Vu la procédure suivante :
La société Protection Sécurité Sud Réunion (PSSR) a demandé au juge des référés du tribunal administratif de La Réunion, sur le fondement de l'article L. 551-1 du code de justice administrative, d'annuler la procédure de passation du lot n° 1 d'un marché public de prestations de surveillance, gardiennage et sécurité incendie engagée par la région Réunion.
Par une ordonnance n° 1800367 du 31 mai 2018, le juge des référés du tribunal administratif de La Réunion a fait droit à sa demande.
Par un pourvoi, un mémoire en réplique et un nouveau mémoire, enregistrés les 11 juillet, 19 octobre et 12 novembre 2018 au secrétariat du contentieux du Conseil d'Etat, la région Réunion demande au Conseil d'Etat :
1°) d'annuler cette ordonnance ;
2°) statuant en référé, de rejeter la demande de la société PSSR ;
3°) de mettre à la charge de la société PSSR la somme de 5 000 euros au titre de l'article L. 761-1 du code de justice administrative.

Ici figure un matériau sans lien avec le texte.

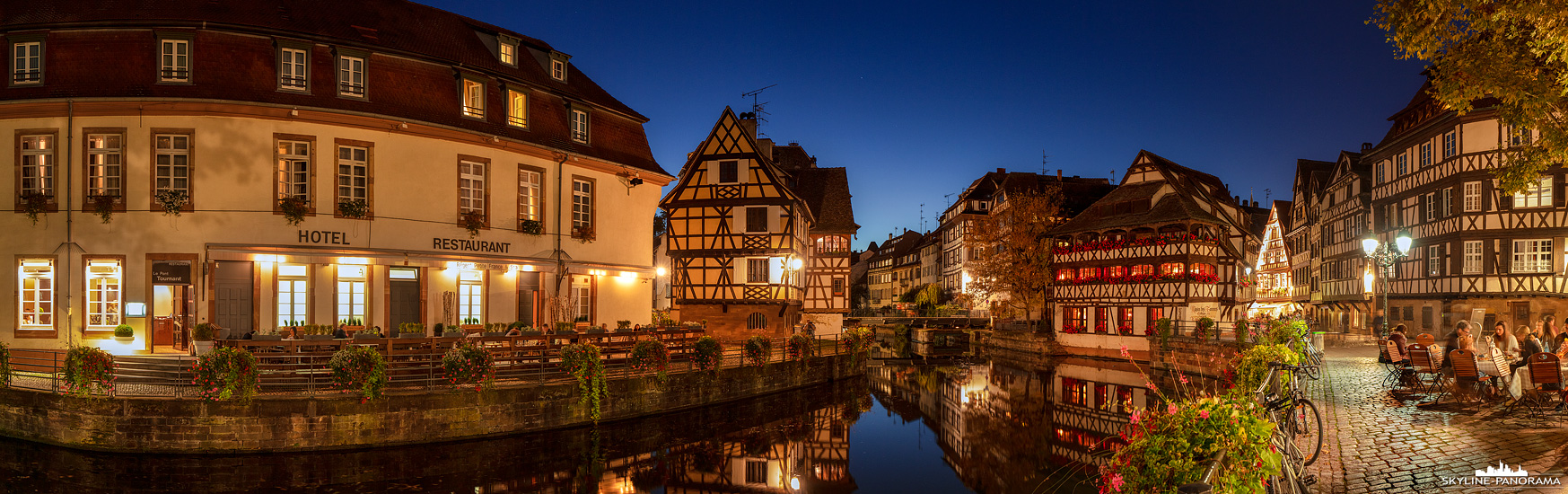 Das malerische Viertel Petite France (klein Frankreich) in der Altstadt von Straßburg ist bei Touristen und Einheimischen gleichermaßen beliebt. Zahlreiche Gassen mit den typischen traditionellen Fachwerkhäusern laden zum Durchstreifen des ehemaligen Gerberviertels ein.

Vu les autres pièces du dossier ;
Vu :
- le code du travail ;
- l'ordonnance n° 2016-65 du 29 janvier 2016 ;
- le décret n° 2016-360 du 25 mars 2016 ;
- la convention collective nationale des entreprises de prévention et de sécurité ;
- le code de justice administrative ;
Après avoir entendu en séance publique :
- le rapport de M. Marc Pichon de Vendeuil, maître des requêtes,
- les conclusions de M. Gilles Pellissier, rapporteur public.
La parole ayant été donnée, avant et après les conclusions, à la SCP Monod, Colin, Stoclet, avocat de la Région Réunion et à la SCP Spinosi, Sureau, avocat de la société Protection Sécurité Sud Réunion.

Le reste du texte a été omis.